Song of Mango reste toutefois un document historique intéressant car il illustre bien certaines tensions au sein même des révolutionnaires. L’université est divisée en de nombreux groupuscules ennemis, qui veulent tous le pouvoir et se prétendent tous détenteur de la légitimité et de l’autorité. Chaque groupuscule capture des prisonniers politiques, et même le « Groupe de propagande des travailleurs », envoyé officiel du pouvoir étatique au sein de l’université, a du mal à asseoir son autorité. Les jeunes ne respectent pas les vieux, les enfants ne respectent pas leurs parents, et tout ceci donne une impression de beau bordel plutôt que d’une formidable société harmonieuse.

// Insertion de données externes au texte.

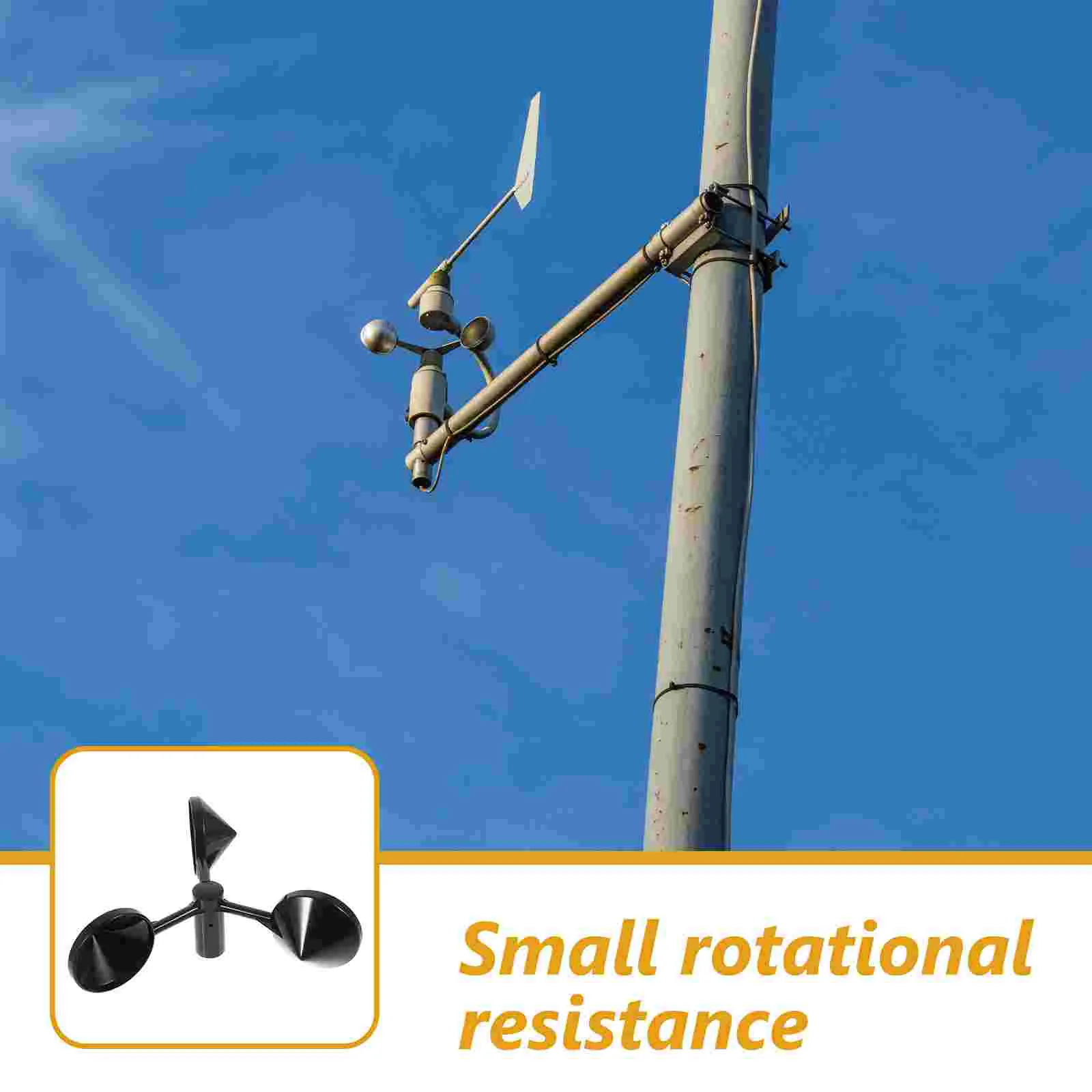 Anemometer Wind Cup Air Cnditioner Sensor Flowing Replacement Measurement Outdoor Abs Anemometers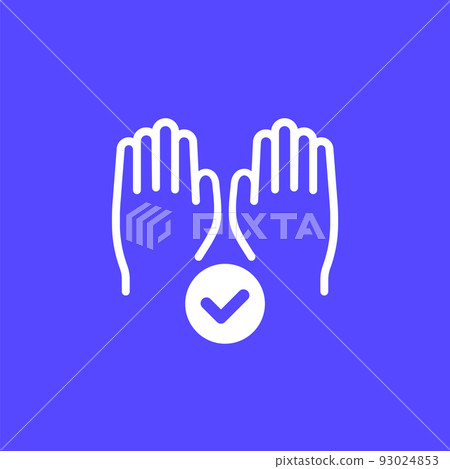 clean hands icon, hygiene and disinfection clean hands icon, hygiene and disinfection 93024853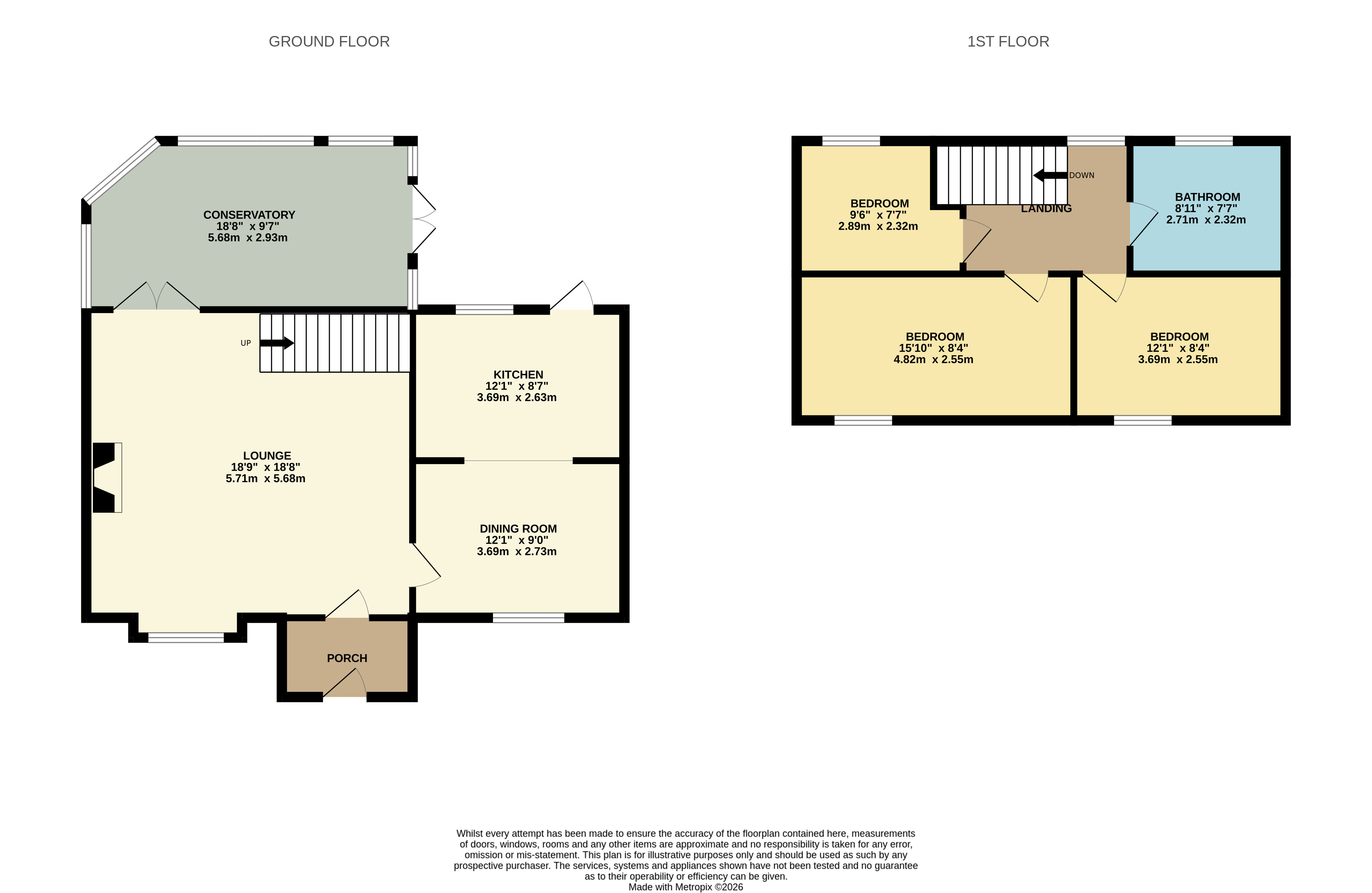 Floorplan for Horwich, Bolton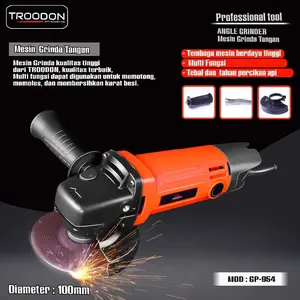 TROODON Gerinda Tangan Listrik 4Inch Mesin Grinda Diameter 100mm Bisa COD Angle Grinder Potong Besi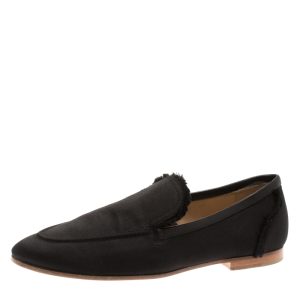 Giuseppe Zanotti Black Satin Salmon Loafers Size 36, Loafers & Slip-Ons - Luxury Closet catalog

Passé ces considérations sur l’intérêt historique, le film est malheureusement assez mauvais, filmé sans imagination et avec une actrice principale franchement catastrophique.
La qualité du DVD que j’ai récupéré n’aide pas (même DVD que sur la jaquette ci-dessus) : l’image et le son sont corrects mais les sous-titres anglais sont abominables, ça sent le traducteur automatique. L’histoire reste compréhensible mais j’ai dû louper des subtilités.

A éviter donc, sauf intérêt particulier pour les films de propagande ou pour la période de la révolution culturelle.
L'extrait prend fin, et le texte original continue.